== INSTRUCTIONS FOR THE TASK ==
Copy out all the records exactly.
=== Section Start ===
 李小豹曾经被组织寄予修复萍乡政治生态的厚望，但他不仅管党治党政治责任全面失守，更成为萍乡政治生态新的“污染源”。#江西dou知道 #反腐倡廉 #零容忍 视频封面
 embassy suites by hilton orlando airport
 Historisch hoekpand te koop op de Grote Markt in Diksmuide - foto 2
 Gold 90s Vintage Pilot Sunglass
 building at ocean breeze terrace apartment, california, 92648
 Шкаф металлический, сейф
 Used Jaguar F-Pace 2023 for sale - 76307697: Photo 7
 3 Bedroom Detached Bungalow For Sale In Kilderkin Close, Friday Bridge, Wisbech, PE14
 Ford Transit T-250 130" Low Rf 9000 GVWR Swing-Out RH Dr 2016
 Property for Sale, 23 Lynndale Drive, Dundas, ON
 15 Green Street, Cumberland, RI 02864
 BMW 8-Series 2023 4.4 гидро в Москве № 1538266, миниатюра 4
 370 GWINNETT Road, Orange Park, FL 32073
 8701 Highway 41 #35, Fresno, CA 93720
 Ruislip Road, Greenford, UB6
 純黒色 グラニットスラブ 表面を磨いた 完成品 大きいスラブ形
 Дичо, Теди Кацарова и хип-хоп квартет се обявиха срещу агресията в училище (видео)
=== Section End ===
== RESPONSE TO THE EXERCISE ==
 李小豹曾经被组织寄予修复萍乡政治生态的厚望，但他不仅管党治党政治责任全面失守，更成为萍乡政治生态新的“污染源”。#江西dou知道 #反腐倡廉 #零容忍 视频封面
 embassy suites by hilton orlando airport
 Historisch hoekpand te koop op de Grote Markt in Diksmuide - foto 2
 Gold 90s Vintage Pilot Sunglass
 building at ocean breeze terrace apartment, california, 92648
 Шкаф металлический, сейф
 Used Jaguar F-Pace 2023 for sale - 76307697: Photo 7
 3 Bedroom Detached Bungalow For Sale In Kilderkin Close, Friday Bridge, Wisbech, PE14
 Ford Transit T-250 130" Low Rf 9000 GVWR Swing-Out RH Dr 2016
 Property for Sale, 23 Lynndale Drive, Dundas, ON
 15 Green Street, Cumberland, RI 02864
 BMW 8-Series 2023 4.4 гидро в Москве № 1538266, миниатюра 4
 370 GWINNETT Road, Orange Park, FL 32073
 8701 Highway 41 #35, Fresno, CA 93720
 Ruislip Road, Greenford, UB6
 純黒色 グラニットスラブ 表面を磨いた 完成品 大きいスラブ形
 Дичо, Теди Кацарова и хип-хоп квартет се обявиха срещу агресията в училище (видео)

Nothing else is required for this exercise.